-- Opening Marker --
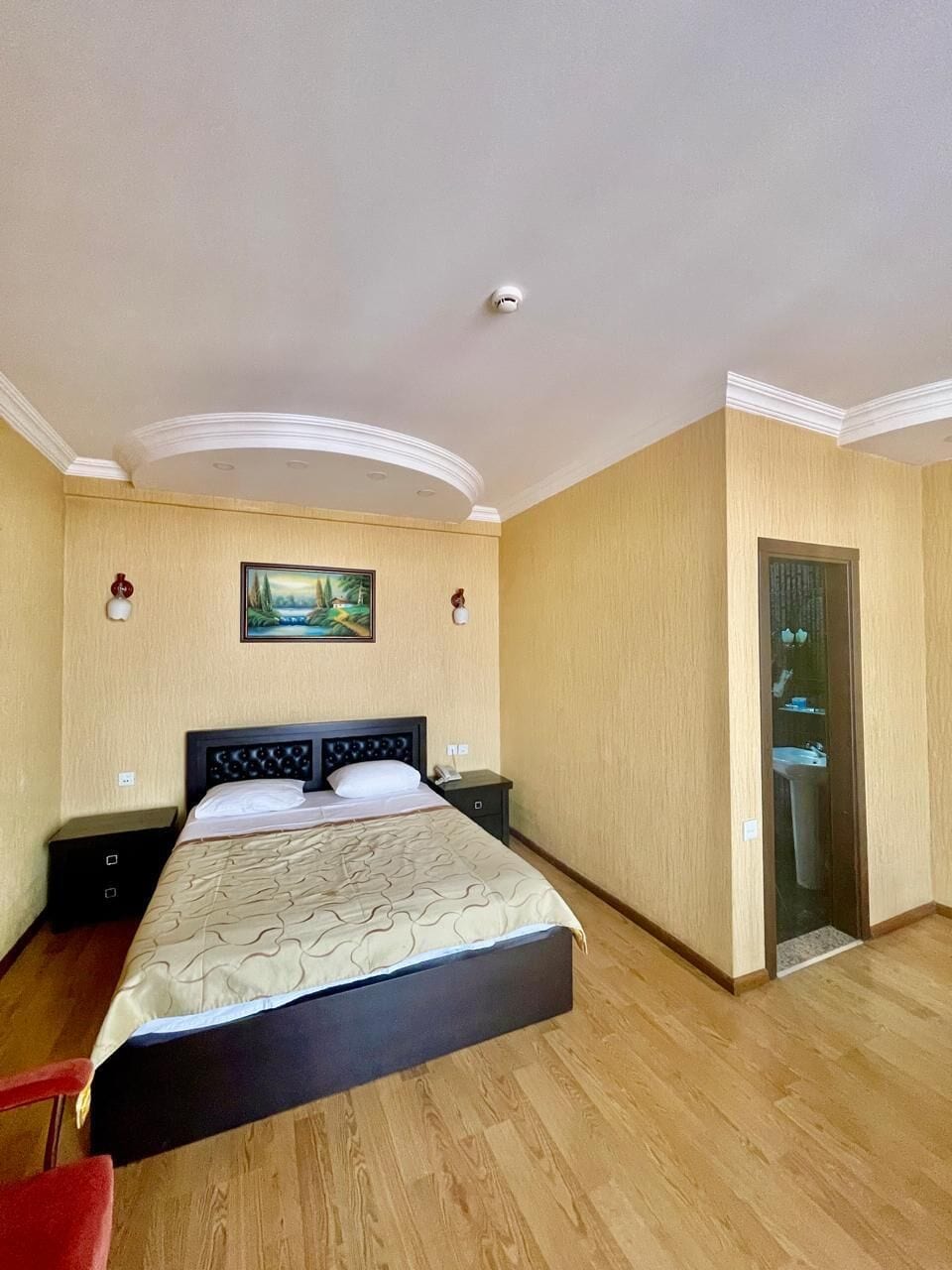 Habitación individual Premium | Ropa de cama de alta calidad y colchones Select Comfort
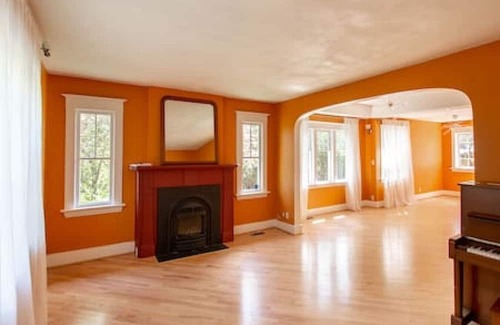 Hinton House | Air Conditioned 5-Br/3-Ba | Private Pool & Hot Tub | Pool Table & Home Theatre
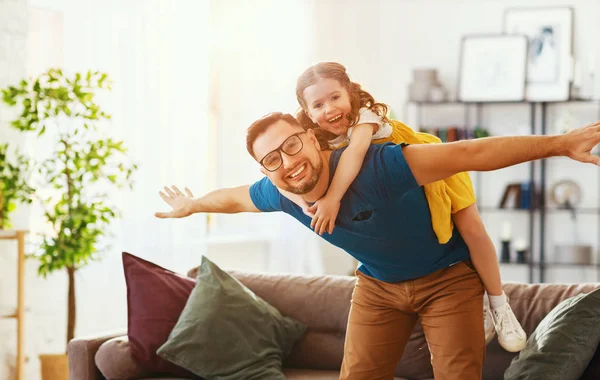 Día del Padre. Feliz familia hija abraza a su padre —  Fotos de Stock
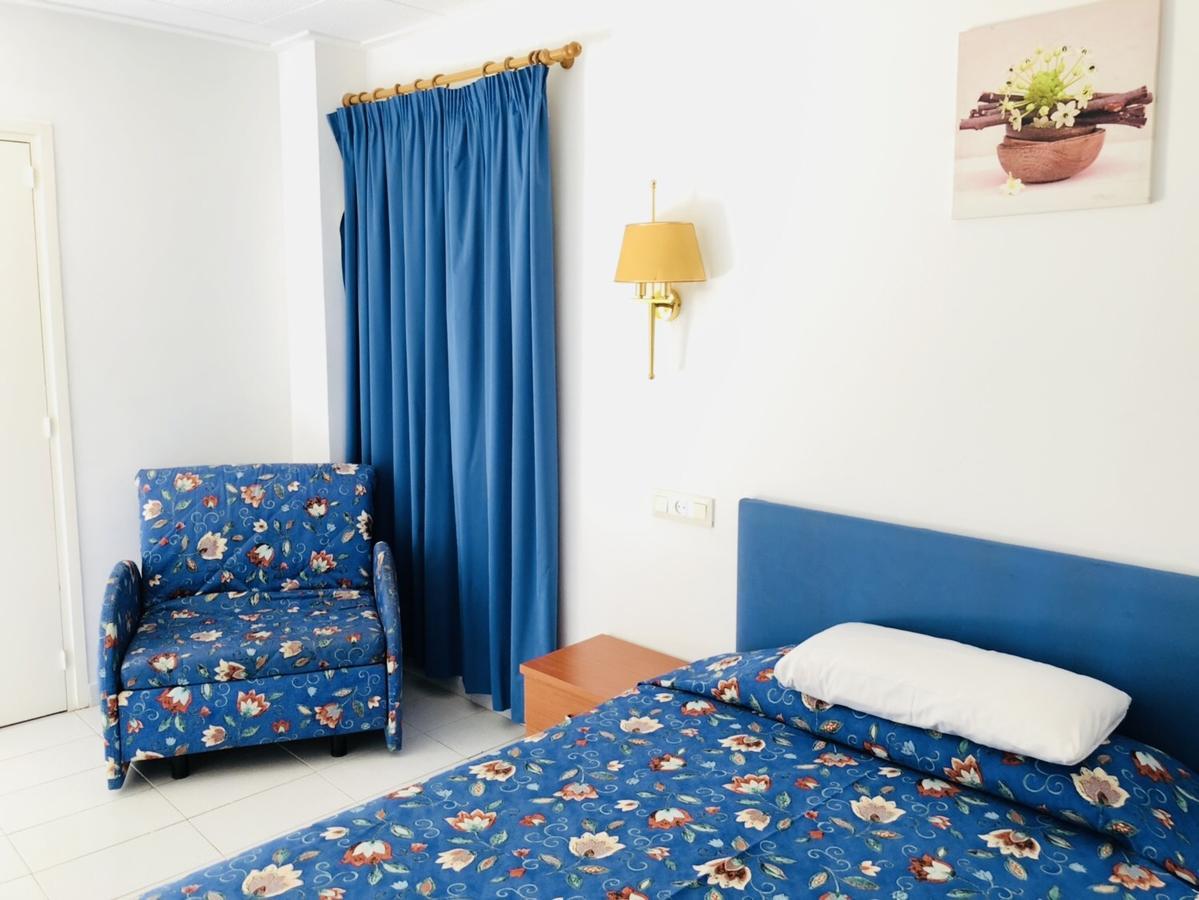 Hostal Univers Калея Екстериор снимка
-- Closing Marker --
-- Opening Marker --
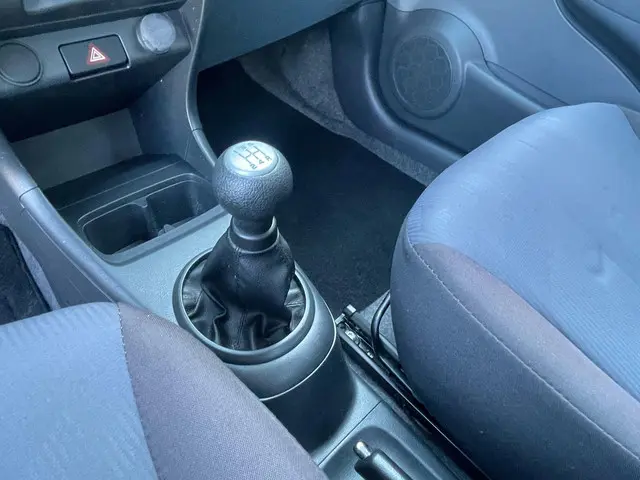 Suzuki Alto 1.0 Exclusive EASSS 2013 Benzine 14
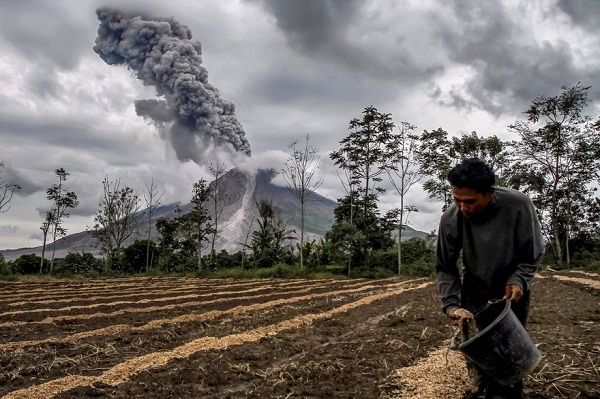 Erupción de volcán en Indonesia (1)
-- Closing Marker --
-- Opening Marker --
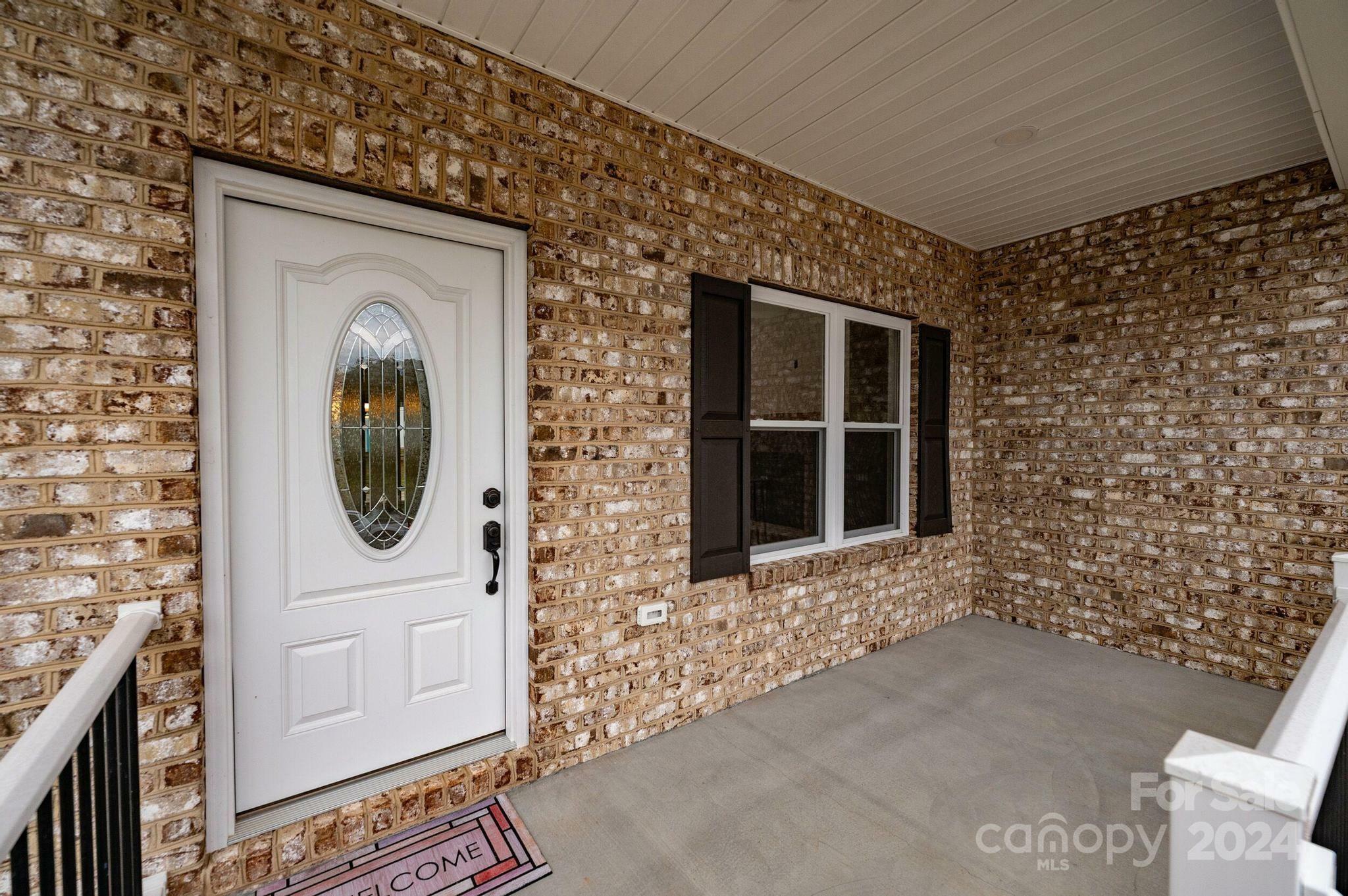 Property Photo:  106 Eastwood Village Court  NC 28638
-- Closing Marker --
• _About this task_:
In the listing above, find the line containing "Suzuki Alto 1.0" and the line containing "Erupción de volcán en Indonesia (1)", then write out both of them and every line between, exactly, with no pictures.

• _Result of the task_:
 Suzuki Alto 1.0 Exclusive EASSS 2013 Benzine 14
 Erupción de volcán en Indonesia (1)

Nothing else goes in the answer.